- [TASK REQUIREMENTS] What lines below include the word "Avenue"? Copy each one.

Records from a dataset
******
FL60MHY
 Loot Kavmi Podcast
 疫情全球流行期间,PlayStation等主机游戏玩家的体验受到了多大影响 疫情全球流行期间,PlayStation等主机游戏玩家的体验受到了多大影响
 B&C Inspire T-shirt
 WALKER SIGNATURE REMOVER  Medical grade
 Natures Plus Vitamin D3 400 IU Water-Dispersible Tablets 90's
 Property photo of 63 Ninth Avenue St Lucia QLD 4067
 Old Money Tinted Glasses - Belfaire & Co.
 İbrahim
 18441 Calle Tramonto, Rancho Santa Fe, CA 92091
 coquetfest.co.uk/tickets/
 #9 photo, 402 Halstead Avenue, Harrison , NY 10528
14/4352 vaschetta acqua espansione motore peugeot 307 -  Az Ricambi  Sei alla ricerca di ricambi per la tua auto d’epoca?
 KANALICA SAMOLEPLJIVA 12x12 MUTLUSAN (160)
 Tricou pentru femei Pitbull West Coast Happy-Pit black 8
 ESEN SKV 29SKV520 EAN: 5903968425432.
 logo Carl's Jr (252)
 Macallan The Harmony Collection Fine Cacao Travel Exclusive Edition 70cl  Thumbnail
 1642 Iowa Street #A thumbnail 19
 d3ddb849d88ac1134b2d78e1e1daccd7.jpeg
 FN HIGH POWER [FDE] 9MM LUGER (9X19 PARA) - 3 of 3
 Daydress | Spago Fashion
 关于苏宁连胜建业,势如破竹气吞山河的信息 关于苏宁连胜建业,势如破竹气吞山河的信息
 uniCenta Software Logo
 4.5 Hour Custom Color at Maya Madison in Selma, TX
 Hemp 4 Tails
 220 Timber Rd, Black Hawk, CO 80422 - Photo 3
******
- [SOLUTION TO THIS EXERCISE]
 Property photo of 63 Ninth Avenue St Lucia QLD 4067
 #9 photo, 402 Halstead Avenue, Harrison , NY 10528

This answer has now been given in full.